Metastatic urothelial cancer patients can be treated with immune checkpoint inhibitors (ICIs) in the first- and second-line settings. Real world data is limited. Although there is a survival benefit with second-line ICIs, only 1 in 5 patients experience a durable response. We conducted a multicentre analysis exploring prognostic clinical parameters and their impact on progression-free (PFS) and overall survival (OS).

Methods

Between March 2017 and February 2020, data for 208 metastatic urothelial patients treated with single-agent pembrolizumab or atezolizumab were collected retrospectively from 5 centres.

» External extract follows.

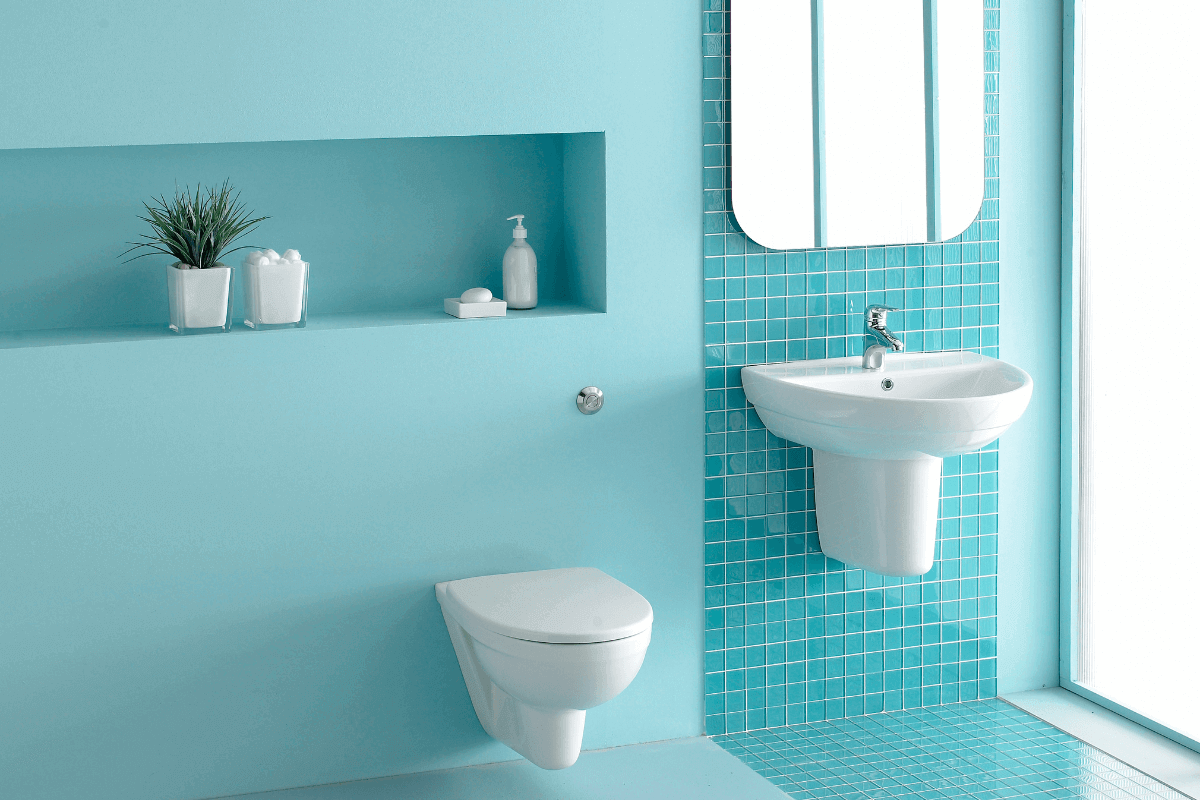 Ideas for a teal bathroom: tiles, mosaic and furniture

PFS was defined as the time from the first date of immunotherapy to disease progression or death from any cause. Clinical parameters such as age, gender, performance status, smoking history, presence of visceral or liver metastasis, haemoglobin level(Hb), lymphocyte count, neutrophil count, lactate dehydrogenase levels (LDH) and PDL-1 status were collected. Kaplan–Meier and Cox hazard methods were used for survival analysis.

Results

Out of 208 patients, 26(12.5%) received first-line ICIs. Median PFS and OS were 4.5 (range 3.5- 5.7) and 9.2 (range 7.4-10.5) months, respectively. On univariable analysis for OS, liver metastasis, neutrophil count, neutrophil lymphocyte ratio, haemoglobin, and LDH levels were independent prognostic factors. Table: 765P

Multivariable analyses for OS using Cox progression hazard model
Variable Hazard ratio P-value
Liver metastasis (Yes or No) 3.03(1.92-4.71) <0.001
Haemoglobin 0.91(0.81-1.00) 0.05
Neutrophil count 2.58(1.19-5.55) 0.01
Lymphocyte count 0.33(0.13-0.76) 0.01

Conclusions

In this large real world data set, we have demonstrated a strong association between OS and known prognostic factors such as liver metastases and Hb level, but interestingly novel factors, neutrophil, and lymphocyte count also. These parameters could be used to create a stratification model, which, if independently validated, could help in selecting patients with urothelial cancer who benefit from ICIs.

Clinical trial identification

Editorial acknowledgement

Legal entity responsible for the study

The Christie NHS trust.

Funding

Has not received any funding.

Disclosure

All authors have declared no conflicts of interest.